RE: Update: Web browsers - a mini-farce (MSIE gives in)
> From: Valdis.Kletnieks@xxxxxx [mailto:Valdis.Kletnieks@xxxxxx] 
> Sent: Wednesday, 27 October, 2004 12:24
> 
> On Wed, 27 Oct 2004 06:32:07 PDT, Michael Wojcik said:
> 
> > > "A program designed for inputs from people is usually
> > > stressed beyond breaking point by computer-generated inputs.
> > > -- Dennis Ritchie
> > 
> > Moot.  Since HTML is frequently computer-generated, HTML 
> > renderers shouldn't be designed for human-generated input.
> 
> Not moot at all.  Remember that an array of test cases is 
> human-generated inputs - and the renderer is usually mostly
> tested against said inputs.
So what?  Ritchie wrote "a program designed for inputs from people".  My
point is that an HTML renderer should not be designed for inputs from
people.  If it is, it's misdesigned.
(And test cases can obviously include machine-generated input.  Nothing
about a test case mandates that the input be human-generated.)
> And even more to the point - automated testing isn't a panacea
> either.
I never claimed it was.  In fact, my point was precisely the opposite.
> Just because you've "fixed" the browser so it doesn't crash when
> you point it at file:///dev/urandom (or moral equivalent) doesn't
> mean that you've achieved good coverage.
More straw men.  Where did I ever argue otherwise?  Where did anyone in this
thread argue otherwise?
> > I think that's a straw man, Valdis.  HTML renderers should 
> > expect malformed HTML input, and dealing with it is not
> > difficult.
> 
> I was speaking more in general - although it's *true* that 
> there should be basic sanity checking, the *general* problem is
> that the programmer can't, in general, write code to protect
> against bugs he hasn't conceived of.
I don't believe that's correct.  In general, programmers can protect against
classes of bugs without prior understanding of those bugs.
You don't have to understand how to exploit a buffer overflow in order to
avoid overflowing buffers.  You don't have to understand SQL code-injection
attacks to restrict SQL input fields to valid characters.  You don't have to
understand cross-site scripting by embedded HTML to strip or sanitize HTML
tags from user-supplied input that shouldn't have them.  You don't need to
understand how signed-integer overflow could cause a problem to check for
it.  And so on.
*In general*, if programmers enforce contracts rather than assuming them (by
validating input, checking sizes, checking for error returns, and so forth),
they eliminate entire categories of bugs without having to know anything at
all about them.
> > Basic input validation and sanitization isn't that difficult.
> 
> Yes, *basic* validation isn't that hard.  It's the corner 
> cases that end up biting you most of the time.

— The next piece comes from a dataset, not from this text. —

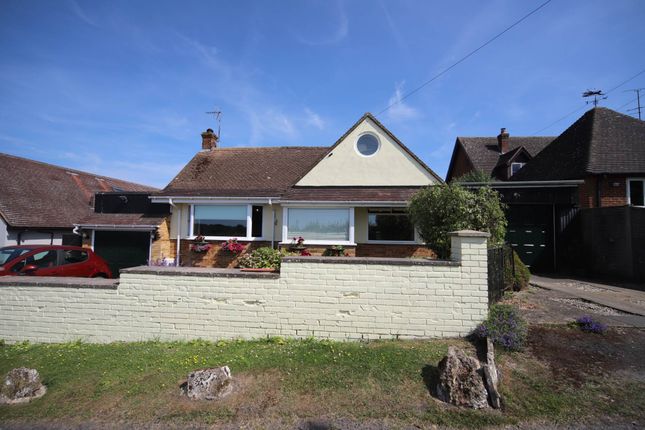 The Baulk, Cheddington 3 bed detached bungalow for sale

I don't believe this is true, statistically.  Most of the bugs I see come
through Bugtraq aren't corner cases at all.  They're basic errors, like not
checking that input doesn't overflow a buffer.  I suspect careful analysis
of the archives would bear that out: few of the prominent bugs, or indeed
all the reported bugs, represent unusual conditions.  They just represent
conditions that the programmers were too lazy to check for.
> > I write comms code - client- and server-side middleware.  I 
> > wouldn't dream of implementing a protocol with code that didn't
> > sanity-check the data it gets off the wire.
> 
> And you've *never* shipped a release that had a bug reported 
> against it, and when you looked at it, you did a Homer Simpson
> and said "D'Oh!"?
What a large pile of straw you have at your disposal.  That's a mighty
conceptual leap, from "my protocol implementations sanity-check their input"

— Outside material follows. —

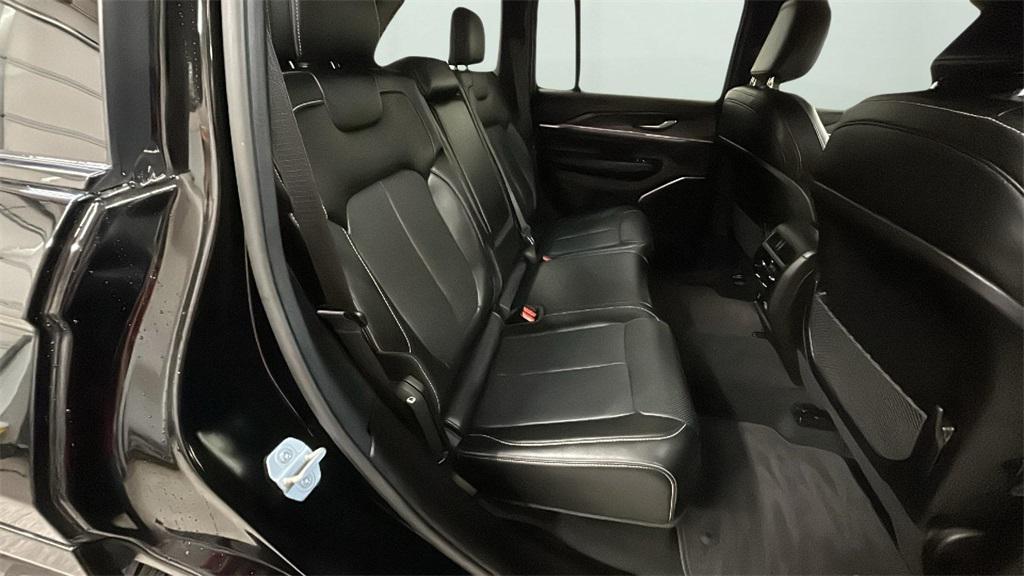 used 2024 Jeep Grand Cherokee car, priced at $41,994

to "there are never dumb bugs in the products that include them".
I always put on my seat belt when I drive my car.  That doesn't mean I've
never been in an accident.
I stand by what I wrote: when I implement a protocol, the data off the wire
is sanity-checked.  It doesn't overflow input buffers, and the parser
doesn't read past the end of the input.  Parameters are examined for sane
values.  Return codes are checked.
And if I were writing an HTML renderer, the same would be true there.  It's
very little additional effort, amortized over the product lifetime.
> > I don't see any reason why browser writers shouldn't be
> > held to the same standard.  Avoiding unsafe assumptions 
> > when processing input should not add significantly to
> > develompment time; if it does, you need to retrain your
> > developers.
> 
> How much would it have added to development time to have 
> closed *all* the holes *up front* (including *thinking* of them)
"thinking of them" isn't a prerequisite.
> to stop Liu Die Yu's "Six Step IE Remote Compromise Cache
> Attack"?
Another straw man.  My argument was "avoiding unsafe assumptions when
processing input should not add significantly to development time".  (From
context it should be clear that this refers specifically to *direct*
processing of the input, such as receiving and parsing it.  Obviously, a
sufficiently broad definition of "processing input" could include everything
a program does.)  That is in no way equivalent to "clos[ing] all the holes"
in Six-Step, particularly since several of the steps have nothing to do with
unsafe assumptions in input processing; they're cases of IE (and Windows)
being broken as designed.
> Remember what David Brodbeck said, which is what I was replying
> to:
> 
> > How many times have you seen a word processor crash due to an
> > unfortunate sequence of commands or opening a corrupted
> > file, for example?
> 
> The point people are missing is that covering all (or even 
> anywhere *near* "all") the "unfortunate sequences" or "corrupted
> files" is *really really* hard,
And unnecessary, in the latter case.  What I'm talking about doesn't require
exhaustive testing.  There is no excuse - none - for a word processor
crashing when trying to open a file.  Every step in that process, from
performing I/O to parsing the file format to building the internal
representation, can be done safely for arbitrary input.
I'll grant that arbitrary command sequences are certainly more difficult,
since they exercise the entire code base.  But that's not what I'm concerned
with here.
-- 
Michael Wojcik
Principal Software Systems Developer, Micro Focus